「教える」という仕事、というお題で、高校生と90分を一緒に過ごした。教育関係に進みたい生徒たち60名弱を対象に、こうした教育に関わるタイトルの講義を、何人だったか10人を上回る複数の大学の教員が担当するという講座の一部である。
片手少しほどの数の保護者の参加も得て、授業を担ったが、その最中、改めてそうだなあと思わされることがあった。それは、講師(授業者)を見る眼差しの強さ、真剣さが女子生徒に顕著で、男子生徒についてはあまりそうとは言えないかなあと感じたのだ。
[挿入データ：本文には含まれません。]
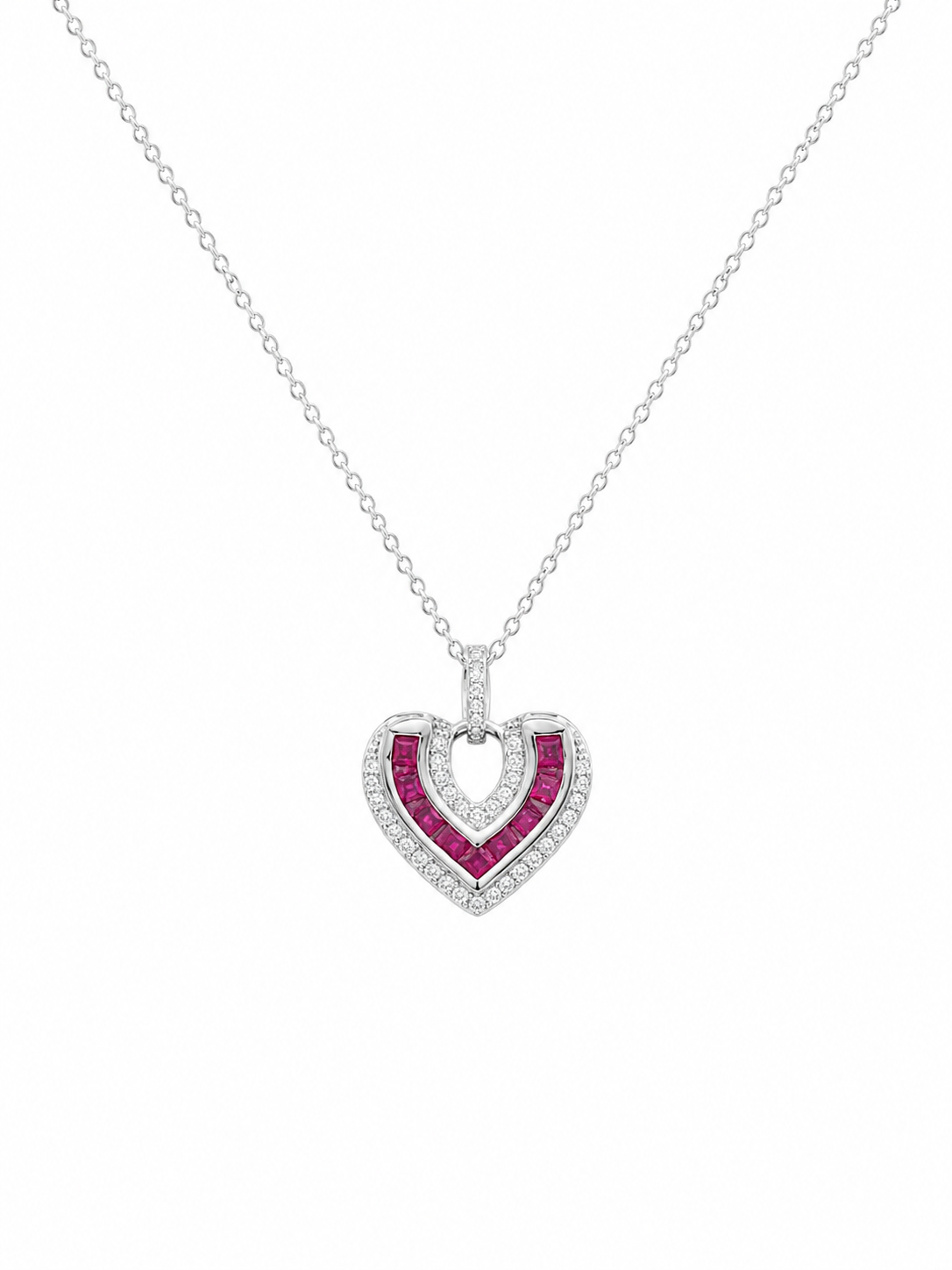 Ruby Heart Pendant Necklace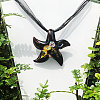 Starfish Millefiori Glass Pendant Silk Ribbon Necklaces FS-WG7586D-12-1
眼差しであなたのことを聴いていますよとメッセージを送る、勢い、授業者もその眼差しに惹かれる、するといっそう見てくれるような気がする。こうした好循環が、「熱心な授業者」と「熱心な受講者」の構図を生み出すのではないだろうか。
「人の目を見て話をしなさい」といった類の教えは、それとなく聞いてはいるだろうけれど、実際にそうできるかと問われれば難しい点が少なくない。あまりに見ると失礼ではないか、誤解を与えないかと懸念されるだろうから。
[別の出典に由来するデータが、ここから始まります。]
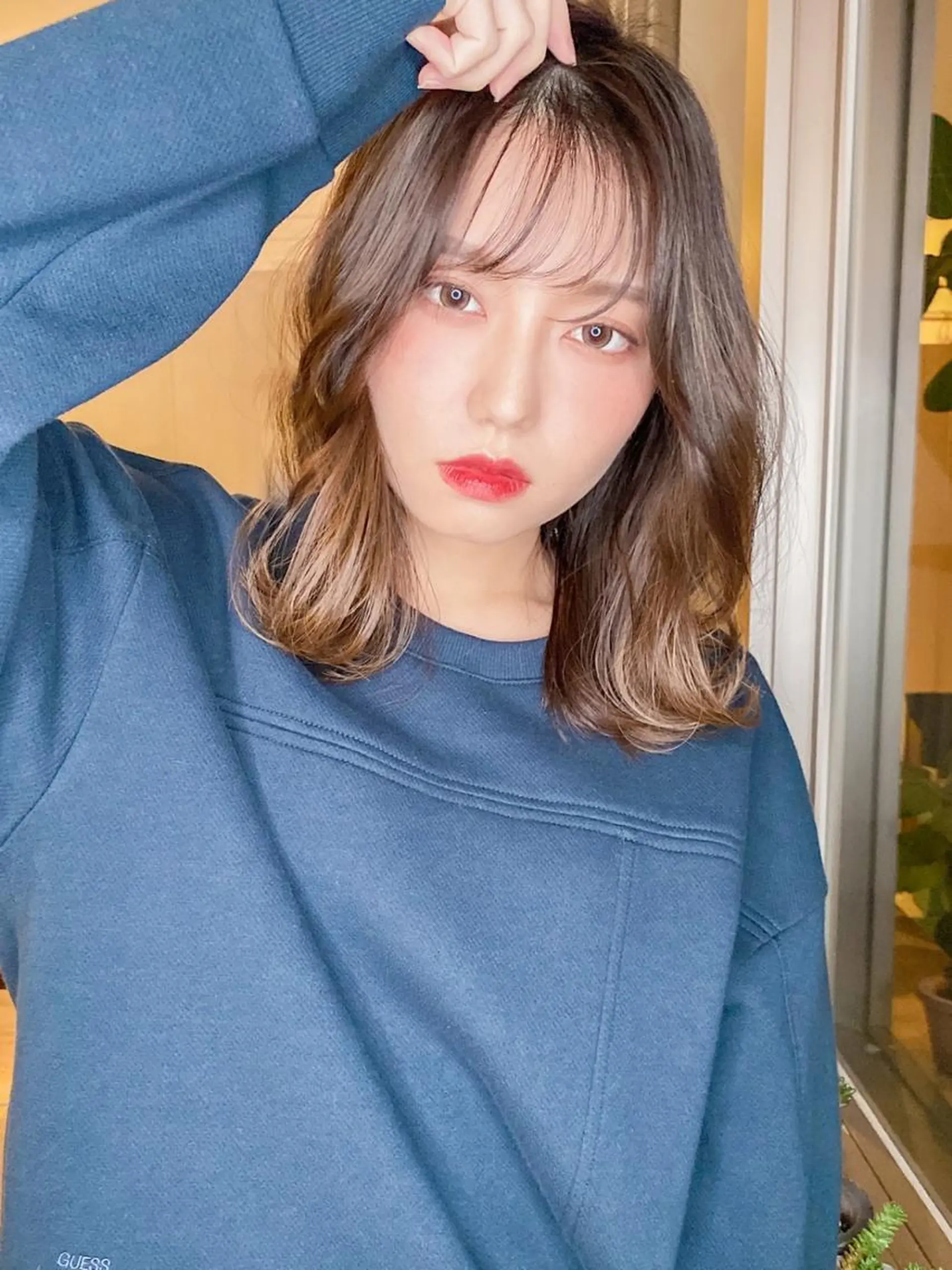 ミディアム 荻原 康成のヘアスタイル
おそらく、しっかりと見つめることができるのは、相手との緊張関係を想定しつつも、自分の意思や意図を表現することにやぶさかではない、つまりは自分に対する基本的な自信のあることが寛容ではないかと。恥ずかしがりに過ぎるのではなく、かといって自己への過大な評価にもとづくのでもない、「いい加減」の自己評価と対人関係を作り出せる力、こうした一つの現れとして、「しっかりと相手を見つめる」ことができるのではないかな。
仮にそれが女子生徒に多く見られるということならば、「弱者」ゆえの女性に刻印された結果と見ることもできる。弱い立場ゆえに、鍛えられ、逞しくなる彼女たちの様子を想像するに、「過去の遺産」で今なおやりすごそうとしている男子の一部に、さもありなんと思わされる。「目力」(めぢから)なのかどうか、相手を自分に向かせる方略について、おしなべて男子生徒(学生もかしらん)には、よく研究してほしいと思う。